This is going to be one of the dullest posts ever, but if you have ever been faced with the need to archive hundreds or thousands of emails on a short time schedule you'll want to read on.
I'm an employee of the State of Washington. As such, my communications with students, colleagues, and others are subject to public records requests under state law (RCW 42.56). It's recently come to my attention that many of my colleagues at the University of Washington have struggled to compile records in response to public records requests. Given that most communication takes place by email these days, the key task is to sort through emails to identify relevant records, then push them through the bureaucracy to the University office that deals directly with requesters.
So imagine a requester notifies the University that they are interested in, say, 5,000+ of your emails spanning a period of several years. What do you do? This guide pertains to those who use Gmail as their email client and Google Chrome as their browser. With these tools, plus a very handy plug-in from a company called cloudHQ, the task is... well, I won't say easy, but much less daunting.
Step 1: Identify requested records
There are some simple tips for searching your gmail archive effectively. You can delimit your search in several ways, and use Boolean operators (AND, OR, NOT -- in caps just like that). A first suggestion: it's easier to work with emails if you "unthread" them. This means that each email is just that -- a single email -- rather than an entire back-and-forth conversation. You can toggle this option in Gmail's settings.
Got that? Good! So suppose you need to release all email sent to or received from your buddy Pat at the Smithsonian. In the search box, type:
to:[email protected] OR from:[email protected]
Suppose instead that you've been asked to release all email from any individual at the Smithsonian. That's easy too. Search:
to:smithsonian.edu OR from:smithsonian.edu
In either case, when you get your search results you can use Gmail's label functionality to identify them as pertinent to the records request. Select all the emails in the list, hit the button that looks like a price tag, and apply. You'll need to create the label first, of course. If you got a records request from the New York Times, for example, you could call your label "NYT."
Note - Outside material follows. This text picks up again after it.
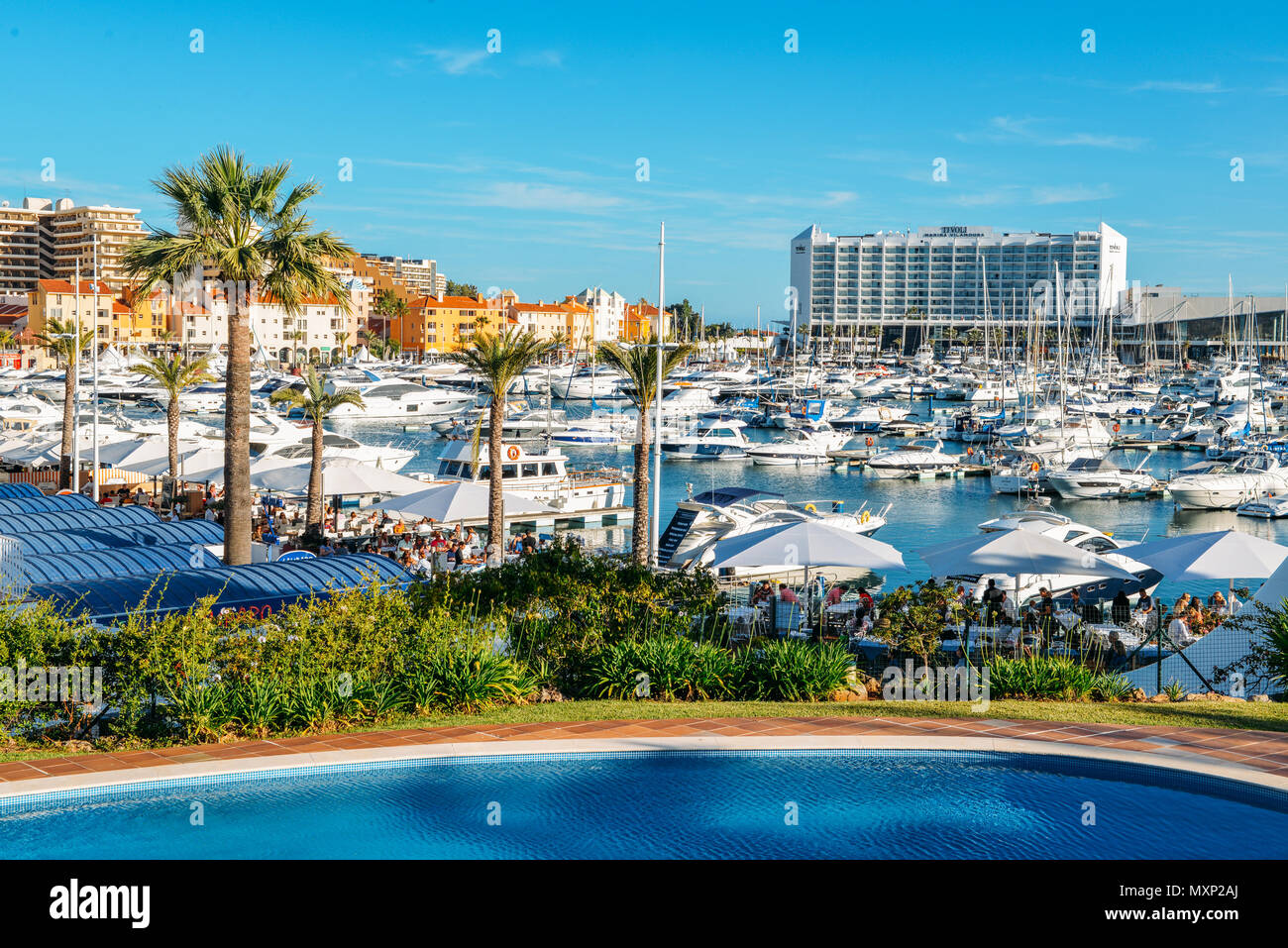 Promenade pleine de famille à côté de la marina de la station balnéaire de Vilamoura à la mode dans le sud de la région portugaise de l'Algarve. Hôtel Tivoli luxe visible Banque D'Images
Now consider this curveball. Suppose you and your colleagues Lou and Jo have both been asked to release all email to and from each other. The three of you email all the time, often sending messages to the entire group. That means if the three of you all comply with the requests, there might be as many as three copies of each email -- one in a sent mail folder, and more in received mail folders. Typically you only need to release one copy of each relevant document. How do you avoid redundancy?
The key is to work with sent mail. Email may have millions of recipients but it is always sent from one account. So if you, Lou, and Jo just work from your sent mail folders you'll get a complete record with no redundancy (unless one of you happens to delete sent mail, in which case the others will have to fill in the gaps). So a typical search would take the form:
in:sent to:[email protected]
This gets all the emails you sent to Lou. You attach your label to these. Now, if you do a second search for emails to Jo you will pull up a bunch of emails you already labeled, unless you search like this:
in:sent to:[email protected] NOT label:NYT
Step 2: send those records up the food chain
OK, you've identified pertinent records, now what? We've seen already that gmail makes it pretty straightforward to search for relevant records and attach a label that flags them. Now you need to get them out of gmail and headed down the path to the requester.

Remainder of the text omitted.